Cependant, l'ordonnance du 7 mai 2009 rendue par le juge des référés près le Tribunal de commerce de Paris suscite une difficulté au regard de la question de l'articulation entre l'article 1382 du Code civil et les dispositions de la loi du 29 juillet 1881 sur la liberté de la presse. En effet, depuis les deux arrêts du 12 juillet 2000[2] rendus par l'Assemblée plénière de la Cour de cassation, "les abus de la liberté d'expression prévus et réprimés par la loi du 29 juillet 1881 ne peuvent être poursuivis et réparés sur le fondement de l'article 1382 du Code civil". Si l'utilisation du terme "arnaque" présente un caractère injurieux, il n'est donc théoriquement pas possible d'engager la responsabilité civile de Google au titre de l'article 1382 du Code civil.

 

En tout état de cause, on notera que dans l'affaire CNFID ayant donné lieu à l'ordonnance du 10 juillet 2009, le juge des référés a adopté une attitude beaucoup plus protectrice de la liberté d'expression et du droit à l'information que dans l'affaire ayant opposé Direct Energie à Google. Ceci est peut-être un effet ricochet de la décision du Conseil constitutionnel n° 2009-580 DC du 10 juin 2009 relative à la loi HADOPI qui a notamment mise en exergue l'importance de la liberté d'expression, notamment sur internet.

 

Enfin, nous attendrons avec intérêt les décisions qui seront rendues à l'avenir par les tribunaux français sur Google Suggest.
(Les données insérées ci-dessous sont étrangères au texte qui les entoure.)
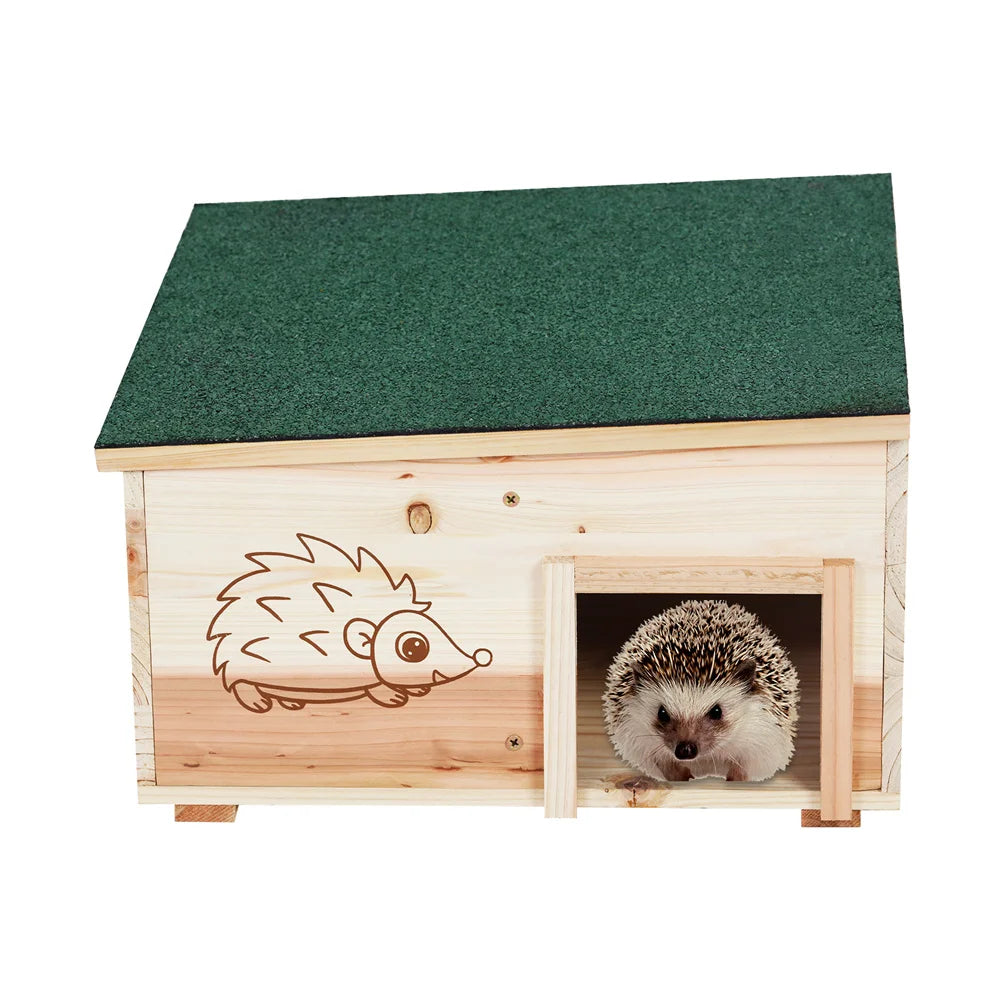 Wooden Hedgehog House & Hibernation Shelter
A une époque où le référencement sur internet est primordial en matière de visibilité, il est en effet très probable que ces décisions soient les premières d'une longue série de contentieux opposant Google à des entreprises mécontentes des résultats du référencement de Google Suggest

 



 

[1] Google a en effet soulevé à plusieurs reprises que l'outil générateur de mots-clés utilisés dans le cadre des liens AdWords fonctionnerait sur une base exclusivement statistique de telle sorte que les résultats issus de cet outil ne sont pas nécessairement pertinents et ne doivent pas être pris pour des conseils ou des recommandations. Cet argument a été rejeté par les tribunaux français. A titre d'exemple, on citera les magistrats de la Cour d'Appel de Paris qui, dans un arrêt du 1er février 2008, ont jugé très clairement qu'"il est indifférent de soutenir que ce service de suggestion de mots-clés fonctionnerait de façon purement statistique et à la seule demande des annonceurs, dès lors que c'est Google qui l'a mis en oeuvre, qui en contrôle le fonctionnement et qui en propose l'usage aux annonceurs.". (Cour d'appel de Paris, 1er février 2008, RG n°06/13884).


[2]
Assemblée Plénière, Cour de cassation,  12 juillet 2000, 2 arrêts, n° 98-10.160, Consorts X. c/ Société Y. et autres et n° 98-11.155, Epoux X. c/ M. Y. et autres.